To celebrate them—and discuss how to make even more progress on television—Glamour partnered with Tory Burch to host a luncheon at the brand’s boutique on Rodeo Drive in Los Angeles. Along with our editor-in-chief, Cindi Leive, co-hosts for the event included Alison Brie, America Ferrera, Natalia Dyer, Priyanka Chopra, Samira Wiley, and Shonda Rhimes.
Before guests were served food from Phuong Tran of Croft Alley, Leive gave a Veuve Clicquot toast to the Emmy nominees in the room—which included Felicity Huffman, Samira Wiley, Lena Waithe, Wanda Sykes, Laverne Cox, and Shannon Purser. “Most of all, I want to thank all of you for making shows that feature so many great female characters,” Leive said, before adding, “And women who get to actually do things!”

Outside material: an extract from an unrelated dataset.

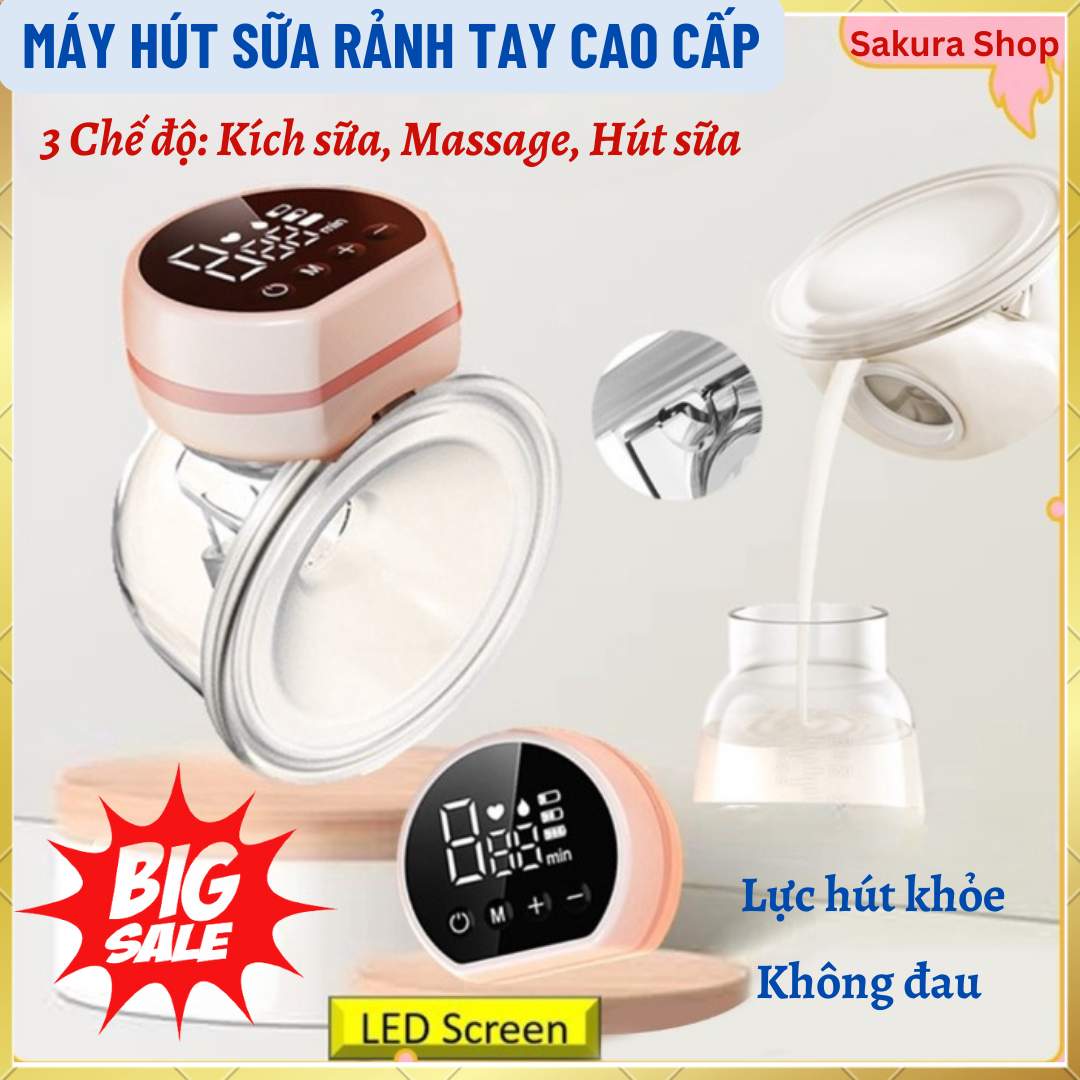 Máy hút sữa rảnh tay cao cấp Fat 3 in 1 chế độ massage kích sữa hút êm ái như em bé bú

During the meal, the group discussed what they most want to see happen on TV next year. Master of None‘s Lena Waithe hopes to see “a black, lesbian lead character on a TV show. Hopefully, I’ll be the one writing it.” But her goals for 2018 don’t stop there: She also wants a series about a transgender person in love to show “more trans normalcy on television.”

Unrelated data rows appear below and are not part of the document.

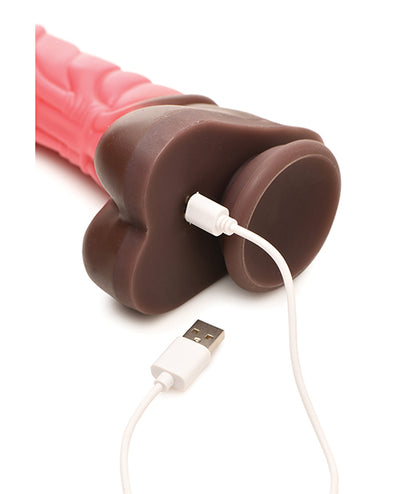 Xr LLC Creature Cocks Deluxe Centaur Thrusting & Vibrating Silicone Dildo w/Remote Control - Peach/Brown Vibrators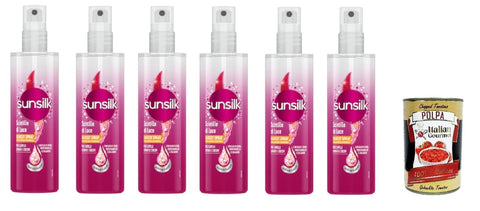 Sunsilk Scintille Di Luce Glossy Spray Per Capelli Spenti E Crespi Lot De 6 Sprays Scintillants Légèrement Brillants Pour Cheveux Ternes Et Crépus 200 Ml + Polpa Italien Gourmet 400 G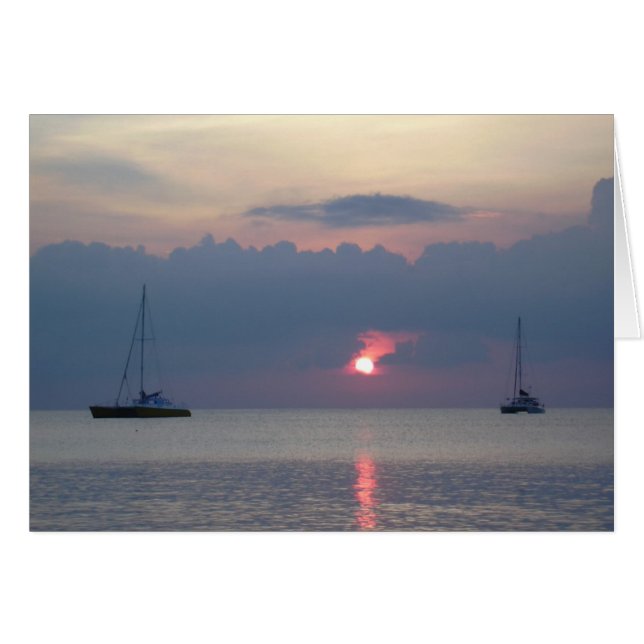 Aruba Sunset Hälsningskort (Framsidan Horizontal)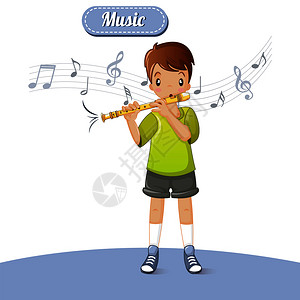 黑色 家吹长笛的男孩插画设计图片
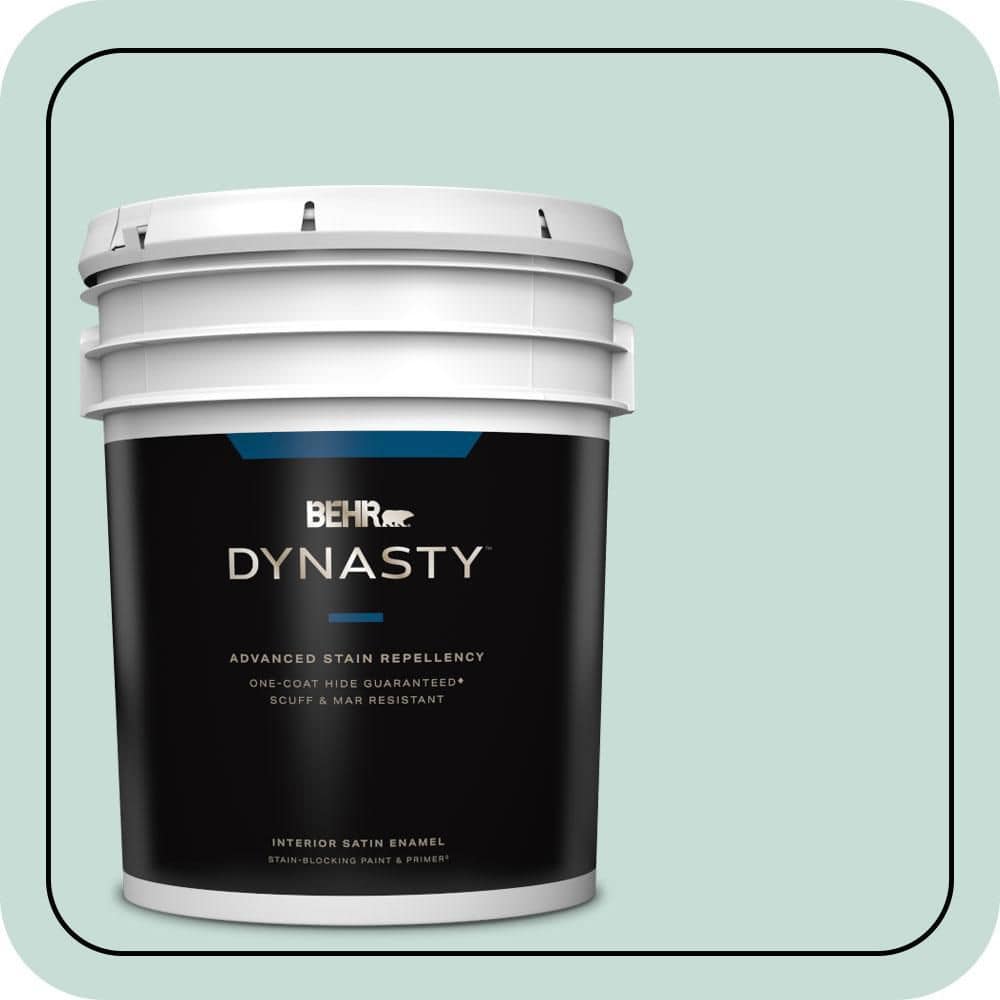 5 gal. #MQ3-20 Whipped Mint One-Coat Hide Satin Enamel Interior Stain-Blocking Paint & Primer price history on PriceWatchPro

Similarly, Laverne Cox’s wish for 2018 is to see more transgender representation—specifically, “a show starring a transgender woman created by a transgender person with transgender people writing.”
Like Waithe, Inhumans star Serinda Swan sees 2018 as a time to increase the diversity of stories being told—without treating the characters as an “other.” “I want to see more interesting, diverse characters, but I don’t want it to be something new anymore,” she explained. “In 2018, I want it to be commonplace, not [considered to be] pushing the boundaries. I just want to see the exceptional become normal and have everyone see that as well.”
Stranger Things and Riverdale star Shannon Purser agrees. “I would like to see more plus-size women as romantic interests because I don’t think we see enough of that,” she said. “I’d also like to see more mental health representation. I think it’s a very important issue and one that when it is talked about people are always so grateful to have that type of visibility. I would love to see somebody tackle that in a way that’s real and respectful.”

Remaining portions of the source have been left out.